There are many valuable strategies for teaching ELL.  I will demonstrate a variety of strategies from different resources and personal trainings; GLAD, Thinking Maps, Write from the Beginning, and SIOP.  You will have the opportunity to engage in the activities and ask questions about the process.  As a participant you will learn how to differentiate curriculum to match the ELD-English language development of your students.  We will look at the development of ELL in the four domains of listening, speaking, reading, and writing.  When you leave this workshop you will be able to begin using the strategies immediately in your classrooms.

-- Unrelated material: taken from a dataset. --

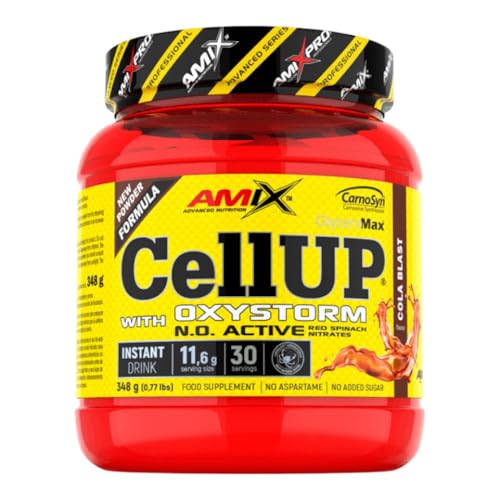 Amix CellUp® with Oxystorm­® 348G - Suplemento Alimenticio - Contiene Cafeína - Aumenta la Fuerza y Congestión Muscular - Fórmula Pre-Entrenamiento- Sabor Cola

Workshop Learning Objectives
(what participants should learn/take away from the presentation or workshop):

- I will demonstrate a variety of strategies from different resources and personal trainings; GLAD, Thinking Maps, Write from the Beginning, SIOP

- The participants will learn how to differentiate curriculum to match the ELD-English language development of their students

- Participants will be able to begin using the strategies immediately in their classrooms

- Participants will look at the English Language Development levels

 

Workshop Description

It is a central principle of ethical educational practice that the professional educator always ensure that his/her school and classroom practices are consistent with the most up to date research evidence.  Indeed, in most fields, failure to do so has been deemed 'malpractice'.  Unfortunately, it is simply impossible for educators to meet the daily demands of teaching in their classrooms and still have sufficient time left to stay abreast of the rapidly emerging research information from diverse fields such as education, child development, child/adolescent mental health, neuroscience, and college/workplace readiness fields.  All these fields have important implications for best educational practice.  The old saying, "What you don't know can't hurt you" simply is not true for teachers and parents.  Myths, fads and foibles have inundated and plagued education for over a century.  Indeed, many standard and accepted parenting, teaching and educational practices have proven to be unfounded in the empirical research and proven to be either ineffective or, worst of all, harmful to student learning and social development.

This workshop will focus on updating teachers and parents as to "what we have learned but nobody ever tells you!"  Specifically, the workshop will focus on several critical areas in which the research evidence is now calling into serious question our standard assumptions and practices in educating children and adolescents.  Among the "emerging research" areas covered will be: Learning Disabilities, ADHD, classroom behavior management, homework, self-esteem, bullying, emotional disorders of children/adolescents, parent/family factors impacting student learning, and the characteristics of both highly effective schools and transformative teachers.

Each topic will be discussed in light of the most current and rigorous research information available. Practical implications of the research for improving day-to-day school, classroom, and parenting practices will then be identified.

Workshop Learning Objectives
(what participants should learn/take away from the presentation or workshop):

- Participants will be introduced to the current research that questions some of our traditional education practices and assumptions and the implications for improving our schools and classrooms

- Participants will learn what we’ve learned about effective parenting and teaching strategies for developing capable, successful & resilient youth

- Participants will learn what research now indicates as the myths, fads and foibles underlying our learning and behavioral intervention paradigm

- Participants will learn strategies found effective in motivating learning and inoculating youth from social-emotional risk factors

 

Workshop Description

Mr. Nelson and Mr. Pupovac will share strategies for differentiating instruction and for actively engaging students in the classroom. They will share methods that have been used in high school social studies classes at various levels to engage students in their learning. The workshop will also include a "bank" of ideas, in which participants will be invited to exchange strategies with the group.